▶ [EXERCISE DETAILS]
An exact copy of the lines from the one containing "Four Pack Window" through the last line below is required; include both of those lines and no others.

******

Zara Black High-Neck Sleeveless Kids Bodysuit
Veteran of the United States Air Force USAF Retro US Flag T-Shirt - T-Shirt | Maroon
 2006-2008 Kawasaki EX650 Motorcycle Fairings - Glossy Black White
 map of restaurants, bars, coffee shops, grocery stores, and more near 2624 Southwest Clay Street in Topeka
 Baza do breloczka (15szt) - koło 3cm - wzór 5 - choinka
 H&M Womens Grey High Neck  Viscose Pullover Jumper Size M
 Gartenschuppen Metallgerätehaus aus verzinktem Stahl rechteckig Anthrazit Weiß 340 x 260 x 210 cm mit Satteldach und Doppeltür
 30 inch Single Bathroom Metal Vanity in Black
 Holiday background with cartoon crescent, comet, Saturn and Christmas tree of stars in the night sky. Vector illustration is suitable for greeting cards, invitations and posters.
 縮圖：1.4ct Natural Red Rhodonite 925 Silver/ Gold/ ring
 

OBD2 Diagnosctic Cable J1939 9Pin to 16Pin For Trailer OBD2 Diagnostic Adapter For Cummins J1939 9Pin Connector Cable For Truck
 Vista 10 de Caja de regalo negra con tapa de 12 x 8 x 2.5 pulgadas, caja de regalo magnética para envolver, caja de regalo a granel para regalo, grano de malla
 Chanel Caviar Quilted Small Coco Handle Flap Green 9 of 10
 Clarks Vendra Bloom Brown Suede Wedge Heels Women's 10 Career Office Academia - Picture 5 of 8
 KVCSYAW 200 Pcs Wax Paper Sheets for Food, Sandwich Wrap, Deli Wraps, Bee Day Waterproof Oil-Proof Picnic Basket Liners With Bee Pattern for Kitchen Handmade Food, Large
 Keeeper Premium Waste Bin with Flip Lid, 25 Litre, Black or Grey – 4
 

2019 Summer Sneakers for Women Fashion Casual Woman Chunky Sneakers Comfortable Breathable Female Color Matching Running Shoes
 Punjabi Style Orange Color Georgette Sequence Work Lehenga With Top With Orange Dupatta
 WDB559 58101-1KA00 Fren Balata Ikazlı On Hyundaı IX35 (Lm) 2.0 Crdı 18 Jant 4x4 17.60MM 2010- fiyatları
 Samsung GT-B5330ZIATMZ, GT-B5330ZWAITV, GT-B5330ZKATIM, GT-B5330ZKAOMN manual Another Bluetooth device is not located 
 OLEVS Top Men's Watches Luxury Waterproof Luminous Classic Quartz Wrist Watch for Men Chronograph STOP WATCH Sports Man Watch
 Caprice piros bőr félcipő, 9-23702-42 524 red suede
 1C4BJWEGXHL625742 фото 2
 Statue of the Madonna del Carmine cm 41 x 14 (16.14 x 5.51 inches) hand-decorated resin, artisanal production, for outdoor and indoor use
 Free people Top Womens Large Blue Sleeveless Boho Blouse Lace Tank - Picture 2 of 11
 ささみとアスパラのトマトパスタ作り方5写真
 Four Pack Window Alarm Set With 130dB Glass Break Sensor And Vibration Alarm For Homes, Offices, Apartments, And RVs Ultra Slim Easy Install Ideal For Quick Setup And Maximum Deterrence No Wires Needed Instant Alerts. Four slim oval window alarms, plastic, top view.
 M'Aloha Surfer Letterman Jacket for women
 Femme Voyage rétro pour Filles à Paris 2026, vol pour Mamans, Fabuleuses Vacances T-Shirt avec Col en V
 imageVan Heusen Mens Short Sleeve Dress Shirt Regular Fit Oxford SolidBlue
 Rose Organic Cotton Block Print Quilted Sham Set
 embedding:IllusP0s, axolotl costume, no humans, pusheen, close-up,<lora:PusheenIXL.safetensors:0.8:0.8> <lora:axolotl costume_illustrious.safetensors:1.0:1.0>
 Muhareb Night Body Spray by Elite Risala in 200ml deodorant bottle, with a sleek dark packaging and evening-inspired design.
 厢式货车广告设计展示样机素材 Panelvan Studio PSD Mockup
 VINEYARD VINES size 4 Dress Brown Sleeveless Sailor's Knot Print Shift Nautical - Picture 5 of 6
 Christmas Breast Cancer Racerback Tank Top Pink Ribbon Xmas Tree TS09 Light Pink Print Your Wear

******

▶ [SOLUTION FOR THIS EXERCISE]
 Four Pack Window Alarm Set With 130dB Glass Break Sensor And Vibration Alarm For Homes, Offices, Apartments, And RVs Ultra Slim Easy Install Ideal For Quick Setup And Maximum Deterrence No Wires Needed Instant Alerts. Four slim oval window alarms, plastic, top view.
 M'Aloha Surfer Letterman Jacket for women
 Femme Voyage rétro pour Filles à Paris 2026, vol pour Mamans, Fabuleuses Vacances T-Shirt avec Col en V
 imageVan Heusen Mens Short Sleeve Dress Shirt Regular Fit Oxford SolidBlue
 Rose Organic Cotton Block Print Quilted Sham Set
 embedding:IllusP0s, axolotl costume, no humans, pusheen, close-up,<lora:PusheenIXL.safetensors:0.8:0.8> <lora:axolotl costume_illustrious.safetensors:1.0:1.0>
 Muhareb Night Body Spray by Elite Risala in 200ml deodorant bottle, with a sleek dark packaging and evening-inspired design.
 厢式货车广告设计展示样机素材 Panelvan Studio PSD Mockup
 VINEYARD VINES size 4 Dress Brown Sleeveless Sailor's Knot Print Shift Nautical - Picture 5 of 6
 Christmas Breast Cancer Racerback Tank Top Pink Ribbon Xmas Tree TS09 Light Pink Print Your Wear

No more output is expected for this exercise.